Les universités israéliennes sont profondément complices par la conception, la mise en œuvre, la justification et le blanchiment de ce régime israélien d’oppression et de ses graves violations du droit international. Elles produisent de la recherche, du savoir et les outils techniques qui permettent et justifient le déni permanent des droits des réfugiés palestiniens, une politique illégale de transfert de population, de démolition de maisons, de murs d’apartheid, de massacres aveugles, et du vol de terres, d’eau et de ressources naturelles. Cette politique est conçue pour ancrer et faciliter le nettoyage ethnique systématique des Palestiniens autochtones dans le but de construire et d’étendre un État juif suprématiste

Les institutions académiques d’Israël sont des partenaires actifs et indispensables de ce régime d’oppression coloniale et d’apartheid. Elles ont activement participé au développement de systèmes d’armement et de doctrines militaires, dont les doctrines Dahiya et Hannibal de « force disproportionnée » contre la population civile, qui ont donné corps à la politique interdite de la terre brûlée déployée dans les guerres récentes d’Israël contre le Liban et contre Gaza.

De plus, les universités israéliennes pratiquent une discrimination systématique contre les étudiants « non juifs » pour les inscriptions, l’éligibilité au logement, l’aide financière et imposent des processus restrictifs destinés à exclure systématiquement les étudiants palestiniens de la vie académique.

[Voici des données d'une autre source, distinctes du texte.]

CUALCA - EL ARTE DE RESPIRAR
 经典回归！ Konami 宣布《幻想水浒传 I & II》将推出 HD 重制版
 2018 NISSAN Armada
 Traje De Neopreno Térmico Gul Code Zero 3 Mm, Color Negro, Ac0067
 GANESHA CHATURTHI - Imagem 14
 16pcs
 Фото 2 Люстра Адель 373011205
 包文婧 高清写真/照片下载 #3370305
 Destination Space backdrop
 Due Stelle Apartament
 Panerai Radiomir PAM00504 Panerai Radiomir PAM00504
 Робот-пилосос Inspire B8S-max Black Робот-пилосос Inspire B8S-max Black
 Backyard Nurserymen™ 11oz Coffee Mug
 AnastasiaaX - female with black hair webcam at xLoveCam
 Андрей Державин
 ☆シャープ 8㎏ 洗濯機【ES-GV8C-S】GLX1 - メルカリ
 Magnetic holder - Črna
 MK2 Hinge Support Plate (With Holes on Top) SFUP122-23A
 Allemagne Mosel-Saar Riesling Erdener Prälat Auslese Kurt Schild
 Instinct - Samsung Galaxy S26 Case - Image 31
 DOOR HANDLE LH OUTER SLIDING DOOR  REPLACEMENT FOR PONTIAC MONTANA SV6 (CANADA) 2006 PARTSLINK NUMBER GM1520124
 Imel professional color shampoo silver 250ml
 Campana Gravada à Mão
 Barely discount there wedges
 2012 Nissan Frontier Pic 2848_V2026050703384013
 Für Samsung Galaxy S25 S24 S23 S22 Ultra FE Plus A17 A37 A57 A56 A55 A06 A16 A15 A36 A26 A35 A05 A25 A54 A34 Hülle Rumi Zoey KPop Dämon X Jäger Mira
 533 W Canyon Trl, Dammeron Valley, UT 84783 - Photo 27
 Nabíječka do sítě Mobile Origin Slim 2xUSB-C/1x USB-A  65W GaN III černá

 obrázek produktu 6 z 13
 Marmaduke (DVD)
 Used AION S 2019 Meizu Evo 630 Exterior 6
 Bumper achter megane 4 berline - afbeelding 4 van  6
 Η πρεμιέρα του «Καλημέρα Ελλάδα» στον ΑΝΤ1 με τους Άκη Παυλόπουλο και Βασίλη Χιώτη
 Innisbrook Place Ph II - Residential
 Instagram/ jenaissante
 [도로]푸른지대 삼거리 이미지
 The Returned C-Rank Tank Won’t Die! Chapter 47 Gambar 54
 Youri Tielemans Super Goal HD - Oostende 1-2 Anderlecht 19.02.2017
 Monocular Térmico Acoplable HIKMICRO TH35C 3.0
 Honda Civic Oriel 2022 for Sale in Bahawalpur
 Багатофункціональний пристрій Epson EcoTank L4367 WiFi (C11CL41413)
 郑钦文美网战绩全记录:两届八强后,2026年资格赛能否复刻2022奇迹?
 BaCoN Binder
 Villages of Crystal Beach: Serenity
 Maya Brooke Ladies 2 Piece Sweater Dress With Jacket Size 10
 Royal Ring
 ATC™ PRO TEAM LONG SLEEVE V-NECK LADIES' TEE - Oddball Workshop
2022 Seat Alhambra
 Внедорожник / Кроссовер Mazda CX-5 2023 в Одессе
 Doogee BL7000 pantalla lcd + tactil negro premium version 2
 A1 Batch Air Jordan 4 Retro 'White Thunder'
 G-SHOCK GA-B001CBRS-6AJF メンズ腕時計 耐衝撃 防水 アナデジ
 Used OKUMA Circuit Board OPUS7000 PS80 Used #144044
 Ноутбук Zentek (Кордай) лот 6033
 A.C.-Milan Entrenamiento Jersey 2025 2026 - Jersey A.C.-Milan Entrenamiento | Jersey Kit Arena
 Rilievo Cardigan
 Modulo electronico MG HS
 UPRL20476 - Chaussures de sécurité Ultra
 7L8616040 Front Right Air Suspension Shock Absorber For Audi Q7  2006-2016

Pas plus tard que vendredi dernier, Israël a brutalement attaqué des fidèles palestiniens sur l’esplanade de la mosquée Al-Aqsa en blessant plus de 200, ce qui s’ajoute à son attaque perverse contre des familles palestiniennes du quartier de Sheikh Jarrah dans Jérusalem occupée pour les chasser de leurs maisons et les donner à des colons israéliens en violation flagrante du droit humanitaire international. L’université Hébraïque a commis des crimes similaires de déplacements forcés de Palestiniens pour l’extension de ses services depuis 1968 tandis que l’Université de Tel Aviv a été construite sur les ruines du village autochtone de Sheikh Muwannis proche de Jaffa, qui a subi un nettoyage ethnique.

WOCMES ne devrait pas s’impliquer dans la tentative clairement tendancieuse d’ébranler la position légale et politiquement louable de la Tunisie et de ses institutions académiques contre le fait de s’engager avec Israël et ses institutions complices. En déplaçant sa conférence hors de Tunisie, WOCMES « punit » sans états d’âme la Tunisie pour sa position du côté juste de l’histoire contre le colonialisme et l’apartheid. Par ce déplacement, WOCMES va normaliser l’acceptation de l’apartheid israélien dans la « plus pure » tradition des institutions orientalistes et coloniales du passé. Nous appelons les membres de WOCMES et les organisations affiliées à faire pression pour convaincre cette organisation de mettre fin à ce parti pris et de tenir son congrès en Tunisie. C’est la position morale à adopter

Enfin, nous rendons hommage à nos collègues tunisiens de l’Université de Manouba pour leur défense des principes moraux contre le colonialisme en dépit des manœuvres d’intimidation de WOCMES.